Il DPO alle prese con lo stato dell’arte
Lo stato dell’arte è un parametro già noto all’interno della normativa europea in più ambiti e settori (ad es. ambiente e safety), che ricorre all’interno della normativa in materia di protezione dei dati personali come benchmark non soltanto in relazione alla gestione della sicurezza ma, più in generale, a tutte le misure tecniche e organizzative coinvolte nei processi di trattamento.
Infatti, gli articoli 32 e 35 GDPR, così come i considerando 78 e 83, vanno a precisare la portata dell’obbligo per le organizzazioni di considerare il parametro dello stato dell’arte, meglio declinato all’interno delle linee guida EDPB 4/2019 sull’art. 25 - Protezione dei dati fin dalla progettazione e per impostazione predefinita.
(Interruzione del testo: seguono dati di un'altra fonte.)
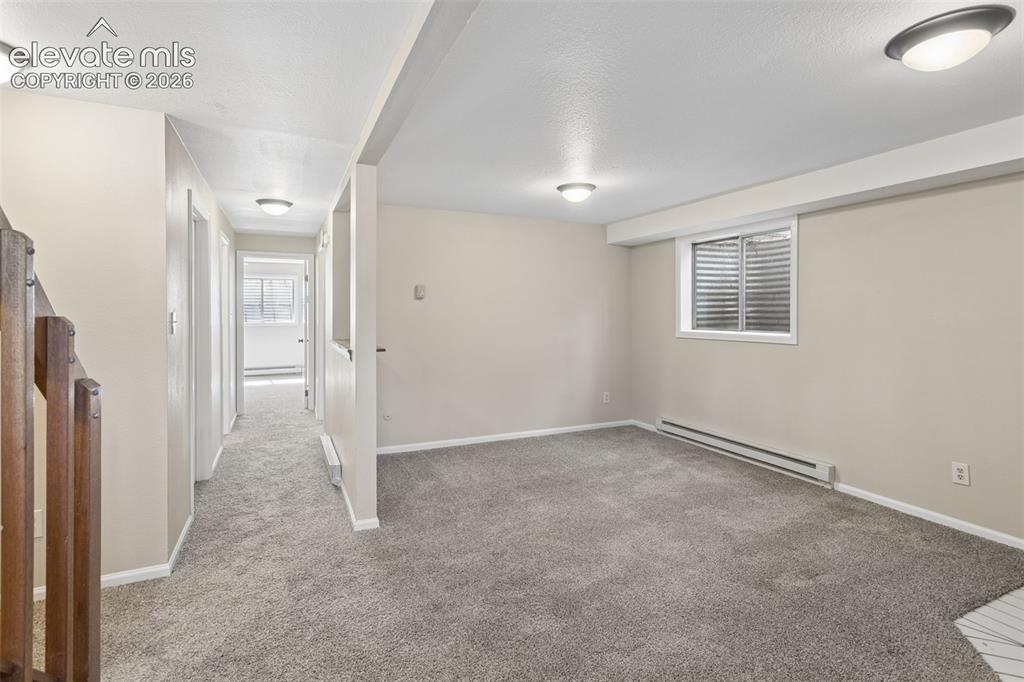 Image 25 of 40: Family room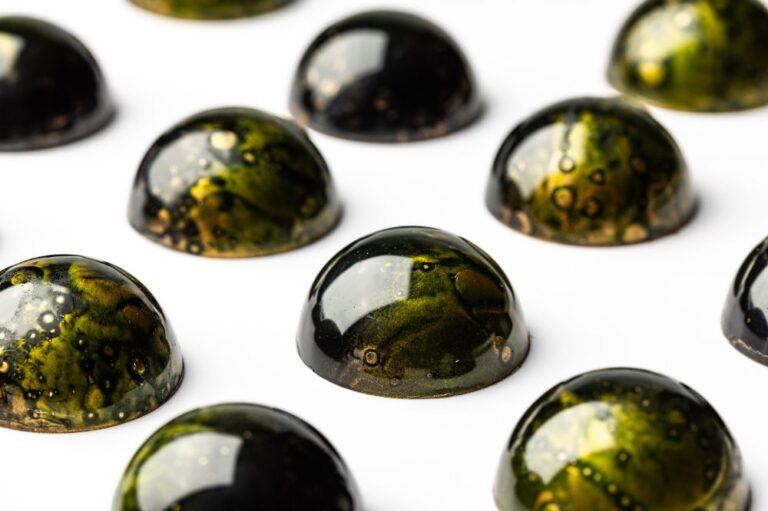 bombon de fresa silvestre y pistacho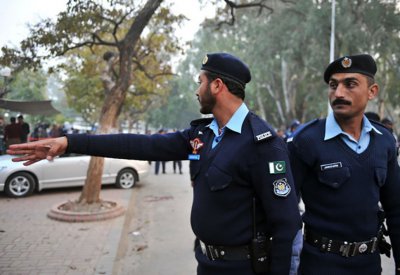 مقتل 9 أشخاص في هجوم مسلح على حافلة ركاب شمالي باكستان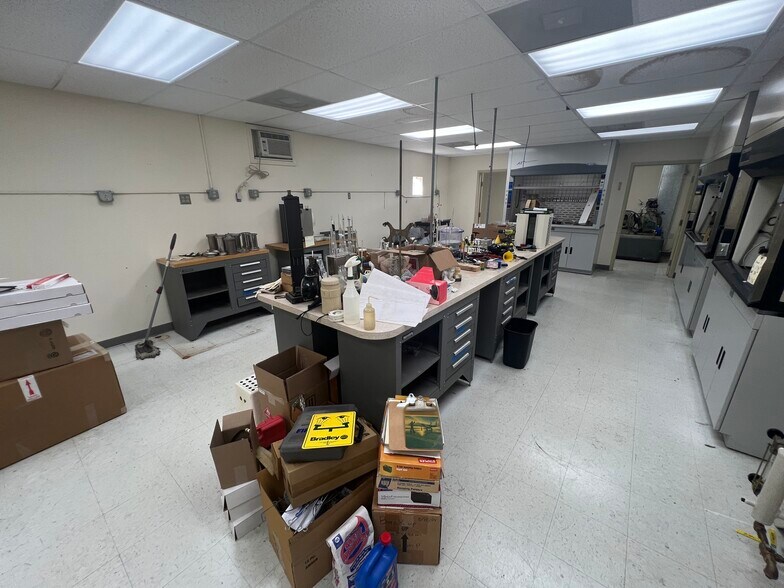 More Photos Of 1515 W Hillsborough Ave, Tampa Freestanding For Sale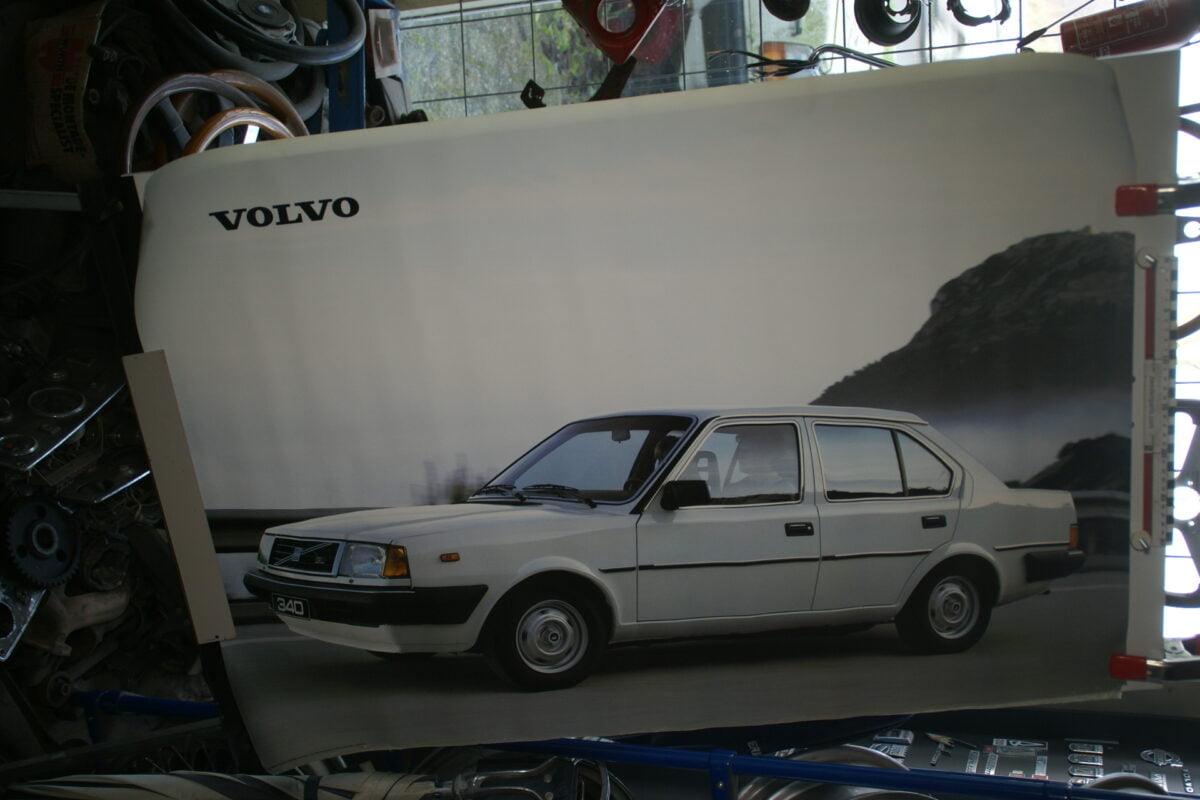 DSC02140 1985 Volvo 340 wit poster ASPCARBV1853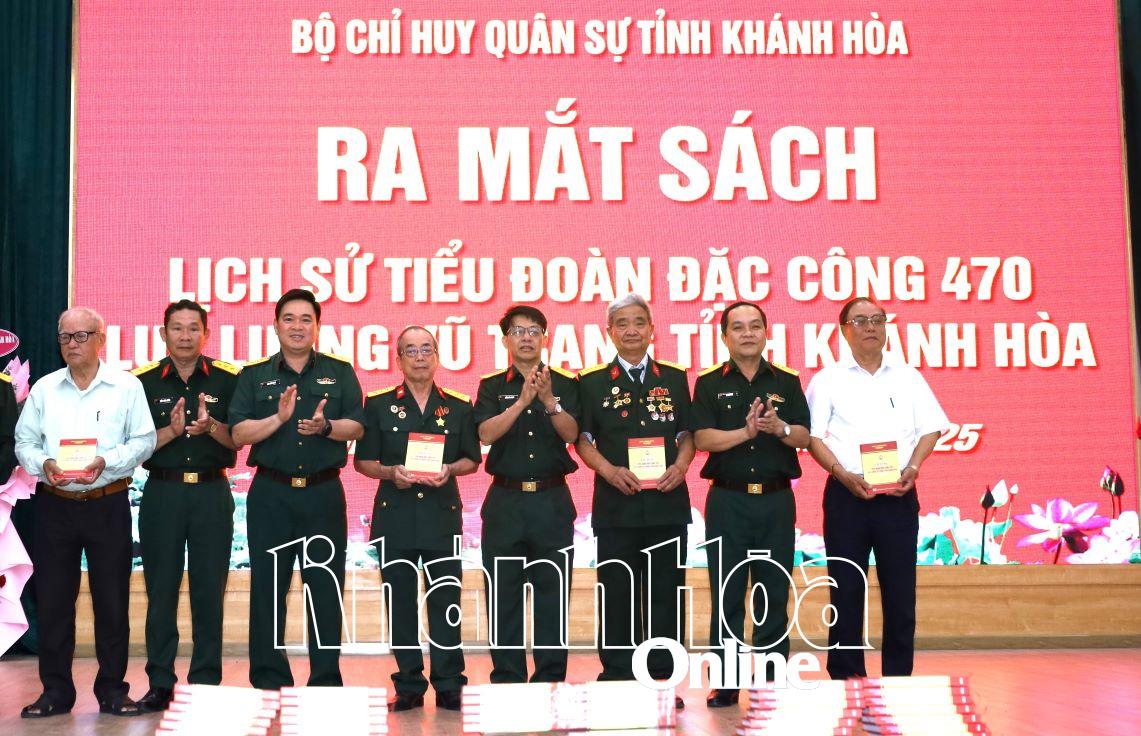 Lãnh đạo Bộ Chỉ huy Quân sự tỉnh trao tặng sách cho các cựu chiến binh Tiểu đoàn Đặc công 470.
Nel contesto più generale dell’art. 25 GDPR è prescritto in capo all’organizzazione l’obbligo di tenere in considerazione il progresso tecnologico disponibile sul mercato in tutto il processo di analisi, selezione e valutazione delle misure tecniche e organizzative adottate e da adottare. E qui la disponibilità va contemperata facendo riferimento al livello di rischio nei confronti degli interessati la sostenibilità economica derivante dai costi di attuazione.
È importante chiarire che il progresso non si limita solo all’aspetto strettamente tecnologico ma comprende anche quello organizzativo, con l’avanzamento, la scoperta e la diffusione di standard, politiche, certificazioni, codici di condotta e modelli di gestione. Gli avanzamenti della tecnica, tanto in ambito compliance che security, comprendono infatti in modo inevitabile la gestione del fattore umano, a partire dalla governance fino al piano operativo. E qui gli interventi di formazione e addestramento possono giovare alla corretta comprensione e conseguente mitigazione dei nuovi rischi che emergono dall’impiego di tecnologie o processi innovativi.
In via generale, i titolari hanno la responsabilità di essere in grado innanzitutto di comprendere l’avanzamento tecnologico, così da poter efficacemente valutare opportunità e rischi delle misure già adottate o da adottare, al fine di implementarle ed aggiornarle sempre nell’ottica di garantire un’effettiva tutela ai diritti degli interessati. Coinvolgendo, se del caso, anche i responsabili coinvolti nella fornitura di servizi e tecnologie.
Tanto considerato è evidente il ruolo che assume il Data Protection Officer. Questi può (anzi: deve) intervenire fornendo consulenza e informazione a riguardo, anche mediante rilascio di pareri, nonché sorvegliare l’attuazione del processo di valutazione continua delle misure (anche da parte degli eventuali responsabili) e, se del caso, promuovere e controllare lo svolgimento delle valutazioni d’impatto.
Dal momento che lo stato dell’arte è un elemento dinamico, bisogna ricordare che anche il DPO deve a sua volta essere posto nelle condizioni di ricevere le risorse informative e formative necessarie per assolvere i propri compiti. E se così non è, dovrà essere proprio lo stesso DPO a sollecitare il rischio di violazione dell’art. 25 GDPR per effetto del venire meno del monitoraggio continuo di adeguatezza.